Source:vignettes/from-pilot-find-mde.Rmd
from-pilot-find-mde.RmdSuppose we ran a pilot study and know our planned sample size for the full study. We want to find the minimum detectable effect (MDE)—the smallest treatment effect for which the study has adequate power (80% or 95%).
from_pilot() piped into find_mde() answers
this question.
Example
Cutler, Pietryka, and Rainey (2024) run a pilot replication of Ahler and Sood (2018), who find that correcting respondents’ misperceptions of their out-party reduces affective polarization on a 101-point feeling thermometer. Ahler and Sood estimate a treatment effect of 6.4 points with a 95% confidence interval of [3, 10]. Cutler et al. use the pre-post measurement strategy of Clifford, Sheagley, and Piston (2021), measuring feelings toward supporters of the out-party before and after treatment. In the pilot, with 85 per condition, they estimate a standard error of 2.13.
Suppose we plan to run the full study with 500 per condition.
library(powerrules)
from_pilot(se_pilot = 2.13, n_pilot = 85) |>
find_mde(n_planned = 500)#> -- Power Analysis ------------------------------------------------------
#> Design: balanced, between-subjects
#> Source: pilot data (conservative)
#> CI level: 90% (size-0.05 test of directional hypothesis)
#>
#> Inputs:
#> SE (pilot) = 2.13
#> n (pilot) = 85 per condition
#> n (planned) = 500 per condition (1,000 total)
#>
#> Predicted SE = sqrt(85 / 500) * (sqrt(1/85) + 1) * 2.13 = 0.97 [Rule 9]
#> MDE (80% power) = 2.49 * 0.97 = 2.42 [Rule 5]
#> MDE (95% power) = 3.29 * 0.97 = 3.20 [Rule 5]
#>
#> -- Manuscript sentence (edit as needed) --------------------------------
#> For a balanced, between-subjects design with 500 respondents per
#> condition (1,000 total), using pilot data with a standard error of
#> 2.13 (85 per condition) and a conservative adjustment for pilot noise,
#> the predicted standard error is 0.97. Using a one-sided test at the
#> 0.05 level, the experiment has 80% power to detect a treatment effect
#> of 2.42 units and 95% power to detect a treatment effect of 3.20
#> units.
#>
#> Note: The paper rounds the MDE factor to 2.5 for 80% power and 3.3 for
#> 95% power. This software uses exact values (2.49 and 3.29), so results
#> differ slightly from hand calculations using the rounded factors.

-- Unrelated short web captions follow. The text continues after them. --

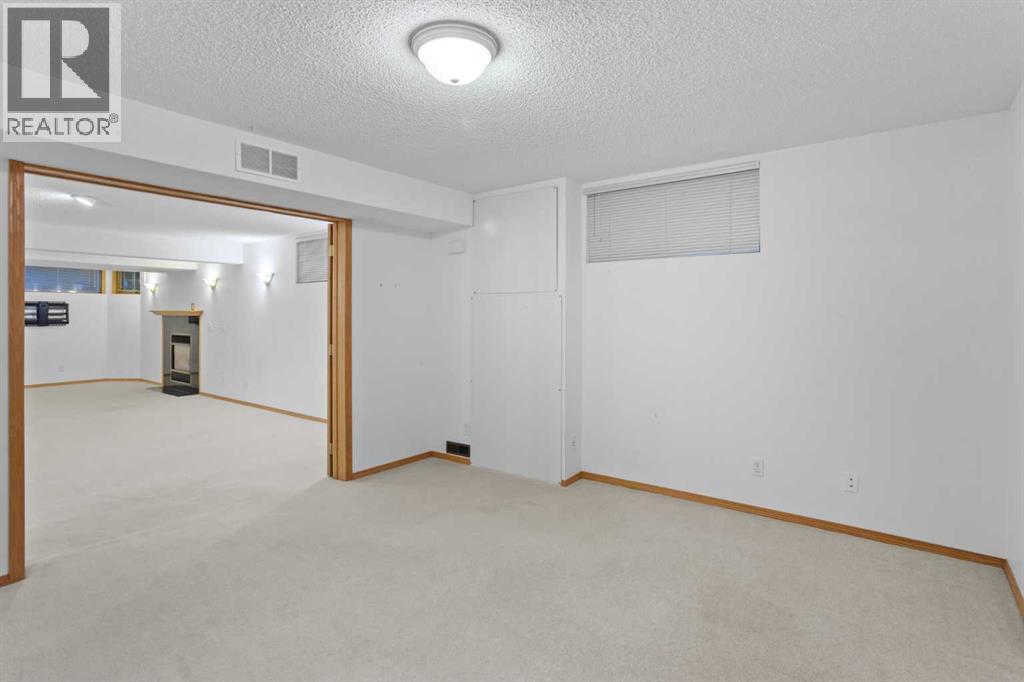 Single Family House Bungalow for Sale in  Scripps Landing NW Scenic Acres Calgary 
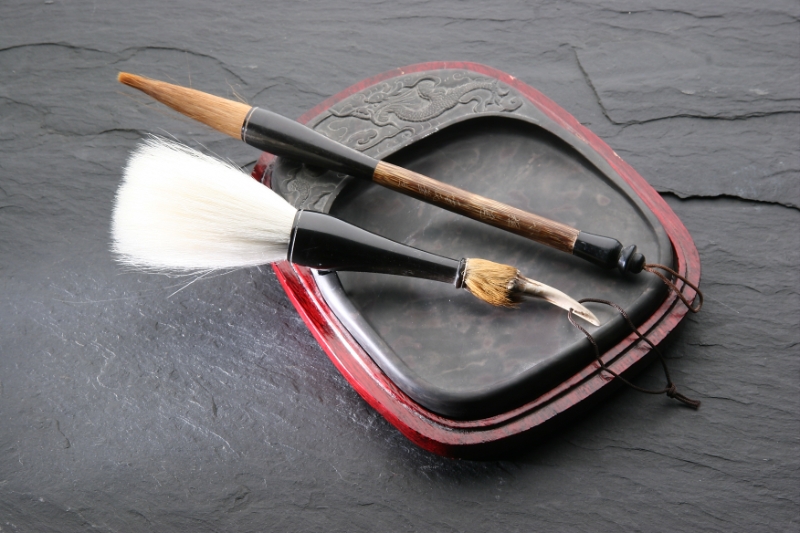 Chinese calligraphy brushes and inkwell.jpg - Chinese calligraphy brushes and inkwell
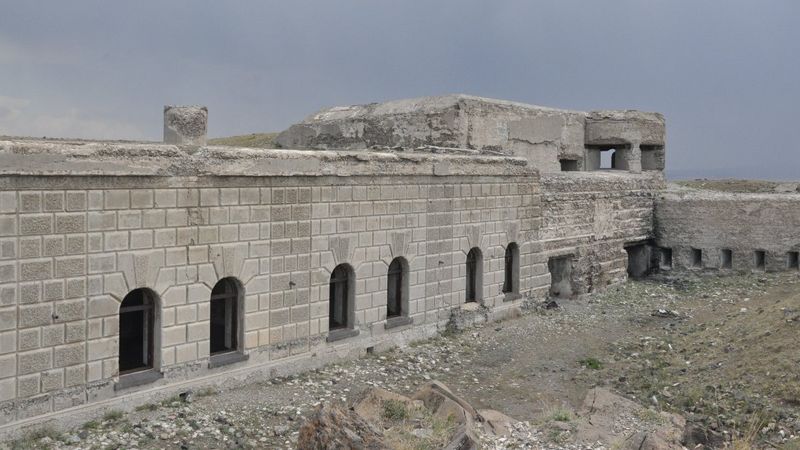 Kars’ta, 271 yıllık Karadağ Tabya’nın betonları kesildi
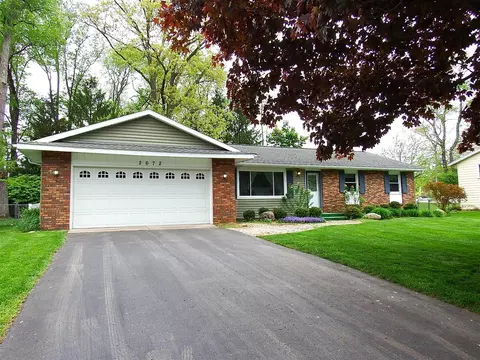 2672 Wildemere, Kalamazoo, MI 49009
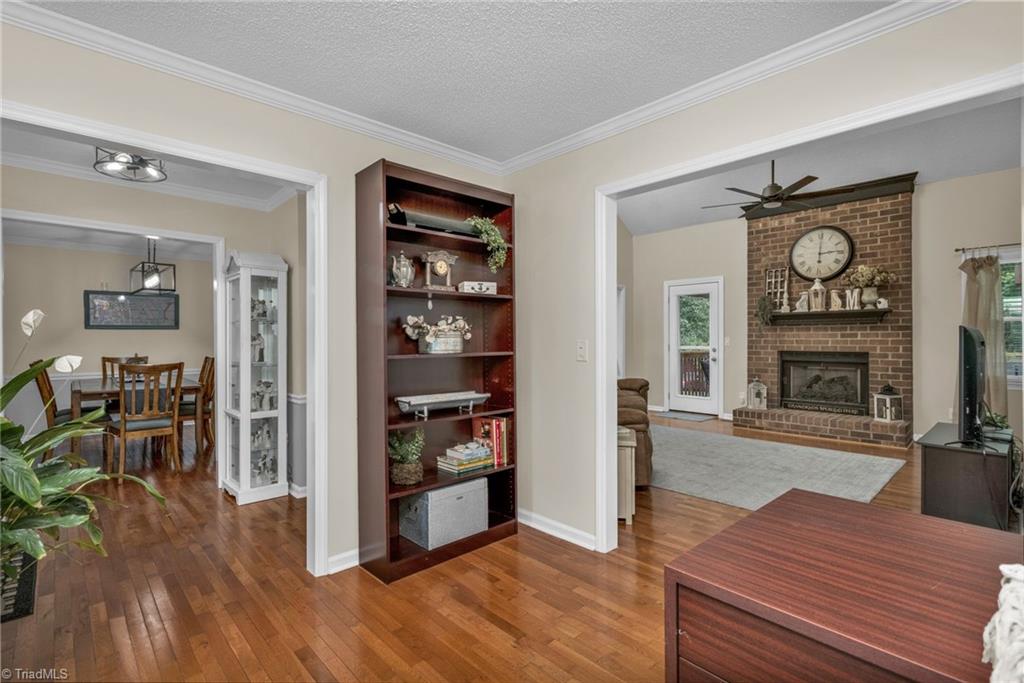 439 Farmstead Road Winston-Salem, NC 27107 - Photo 11 of 40 Gallery Image 11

The output predicts the standard error in the full study using the pilot SE, sample size, and a conservative adjustment factor (Rule 9 from Rainey (2026)). With 500 per condition, the study has 80% power to detect a treatment effect of 2.42 points.
The conservative adjustment factor
Standard errors estimated from small pilot studies are noisy. If the pilot SE happens to be smaller than the true SE, a naive rescaling would predict a standard error that is too small, making the study appear more sensitive than it is (Albers and Lakens 2018; Rainey 2026). The conservative adjustment factor, sqrt(1/npilot) + 1, inflates the predicted SE to protect against this risk. In this example, the conservative factor is sqrt(1/85) + 1 = 1.11, inflating the predicted SE by about 11%.